Евклид понял, что любое доказательство основывается на предыдущих результатах, которые, в свою очередь, были доказаны ранее. Но данный процесс не может длиться до бесконечности — нужно исходить из некоторых истин, которые считаются очевидными. Их Евклид называл аксиомами. Также должны существовать четкие определения используемых элементов; в геометрии, например, это точки, линии, треугольники, круги и так далее. На этой основе Евклид создал единую систему, в которой доказанные и предполагаемые результаты (в последнем случае — аксиомы) служат основой для доказательства других результатов. В отличие от аксиом, эти новые результаты, требующие доказательства, получили название теорем.
Повторяя эту операцию снова и снова, мы можем построить математическую теорию, похожую на дерево, на котором с помощью небольшого количества корней можно породить потенциально бесконечное количество веток и листьев. Какие- то из них более важны (более крепкие и плодородные в своем потенциале создания новых ветвей), чем другие, но все они одинаково истинные.
Рассказывают, что Птолемей I потребовал у Евклида обучить его математике, при этом не желая тратить много сил и времени. Он хотел, чтобы ученый упростил свои объяснения, на что тот ответил:
"Ваше Величество, то, о чем Вы меня просите, невозможно; необходимо пережить и пройти через все необходимые шаги, чтобы понять науку. Не существует царской дороги в математику".
Невозможно преувеличить важность евклидовой геометрии. Практически все последующие поколения математиков использовали ее в качестве отправной точки.
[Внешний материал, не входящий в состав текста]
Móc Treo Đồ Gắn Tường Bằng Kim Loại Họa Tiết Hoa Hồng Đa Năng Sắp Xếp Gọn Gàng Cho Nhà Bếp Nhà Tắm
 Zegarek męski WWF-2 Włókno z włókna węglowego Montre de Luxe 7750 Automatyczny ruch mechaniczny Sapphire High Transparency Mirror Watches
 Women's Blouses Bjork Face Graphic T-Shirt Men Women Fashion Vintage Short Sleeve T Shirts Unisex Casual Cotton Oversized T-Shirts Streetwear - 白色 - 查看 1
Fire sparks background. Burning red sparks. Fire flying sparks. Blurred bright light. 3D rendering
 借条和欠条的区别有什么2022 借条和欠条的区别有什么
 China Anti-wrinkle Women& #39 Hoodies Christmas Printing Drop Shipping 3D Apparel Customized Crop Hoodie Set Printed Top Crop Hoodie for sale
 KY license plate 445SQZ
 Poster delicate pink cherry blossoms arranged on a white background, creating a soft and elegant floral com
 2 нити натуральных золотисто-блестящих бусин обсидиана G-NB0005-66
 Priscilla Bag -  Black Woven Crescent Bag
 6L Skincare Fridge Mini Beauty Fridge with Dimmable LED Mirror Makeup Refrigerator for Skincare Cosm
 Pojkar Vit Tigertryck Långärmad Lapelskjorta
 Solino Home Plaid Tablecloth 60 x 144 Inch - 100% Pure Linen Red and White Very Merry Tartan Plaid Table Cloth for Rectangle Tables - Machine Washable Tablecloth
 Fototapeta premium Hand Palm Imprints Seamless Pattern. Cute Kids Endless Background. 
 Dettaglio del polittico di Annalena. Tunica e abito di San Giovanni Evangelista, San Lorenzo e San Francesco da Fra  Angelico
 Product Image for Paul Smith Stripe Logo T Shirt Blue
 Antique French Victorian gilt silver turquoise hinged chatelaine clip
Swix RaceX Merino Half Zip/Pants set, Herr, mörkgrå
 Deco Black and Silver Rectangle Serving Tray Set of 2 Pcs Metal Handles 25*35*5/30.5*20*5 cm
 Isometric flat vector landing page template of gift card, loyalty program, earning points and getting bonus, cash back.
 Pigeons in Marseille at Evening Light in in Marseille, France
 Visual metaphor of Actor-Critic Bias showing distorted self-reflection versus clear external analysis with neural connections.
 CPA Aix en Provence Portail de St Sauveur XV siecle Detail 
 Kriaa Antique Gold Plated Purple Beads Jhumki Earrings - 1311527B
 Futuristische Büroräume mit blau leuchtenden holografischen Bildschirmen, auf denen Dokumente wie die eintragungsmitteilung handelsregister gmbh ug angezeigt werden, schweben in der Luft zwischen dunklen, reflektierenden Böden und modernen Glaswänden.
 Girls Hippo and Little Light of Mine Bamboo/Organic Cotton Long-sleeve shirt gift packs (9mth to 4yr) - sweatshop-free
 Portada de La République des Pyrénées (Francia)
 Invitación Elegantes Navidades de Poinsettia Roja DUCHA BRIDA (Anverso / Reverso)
Сегодня любой математик, предлагающий новую теорию (или пытающийся переформулировать существующую), пользуется системой Евклида. До самого XX века его книга — знаменитые "Начала" — была самой популярной после Библии и считалась отправной точкой и необходимым объектом изучения в университетах.
Но несмотря на невероятные результаты, некоторые нюансы деятельности Пифагора и школы, которую он основал, сегодня могут показаться неприемлемыми. Пифагорейцы представляли собой что-то вроде тайной религии или секты и, возможно, не сильно отличались от других секретных древнегреческих обществ, например элевсинских или орфических мистерий. Так же как и посвященные элевсинцы, пифагорейцы не могли открывать природу своей деятельности.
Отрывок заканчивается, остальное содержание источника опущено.